- [ENTRIES SUPPLIED]:

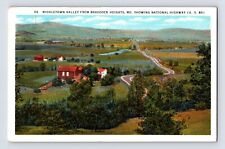 Postcard Maryland Braddock Heights MD Middletown Valley 1930s Unposted picture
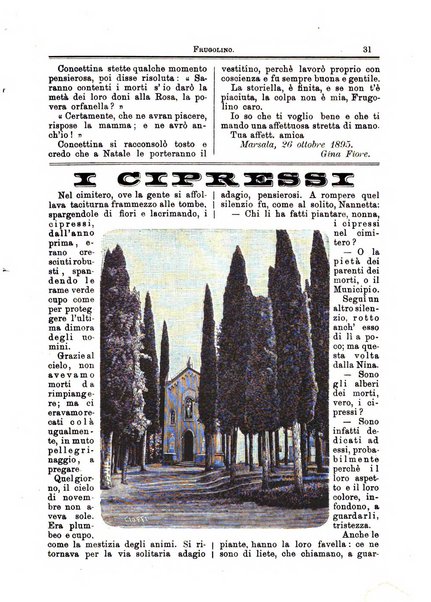 Frugolino giornale dei fanciulli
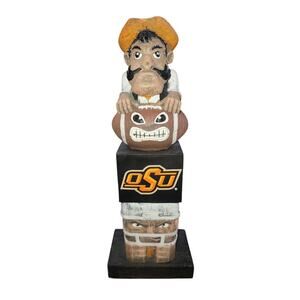 Official Oklahoma State Cowboys NCAA Tiki Tiki Totem!!!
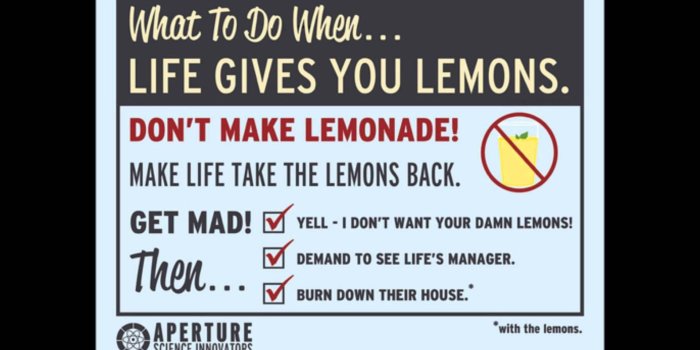 1920x1080 cave johnson quotes - Google Search | I agree. | Aperture science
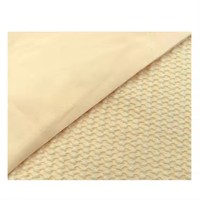Nouveau chiffon de nettoyage de lavage de voiture Shammy synthétique de haute qualité Waffle Weave 3d Pva Chamois Tissu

- [EXERCISE AIM]: Please copy the preceding records exactly and omit the images.

- [WRITTEN RESPONSE]:
 Postcard Maryland Braddock Heights MD Middletown Valley 1930s Unposted picture
 Frugolino giornale dei fanciulli
 Official Oklahoma State Cowboys NCAA Tiki Tiki Totem!!!
 1920x1080 cave johnson quotes - Google Search | I agree. | Aperture science
Nouveau chiffon de nettoyage de lavage de voiture Shammy synthétique de haute qualité Waffle Weave 3d Pva Chamois Tissu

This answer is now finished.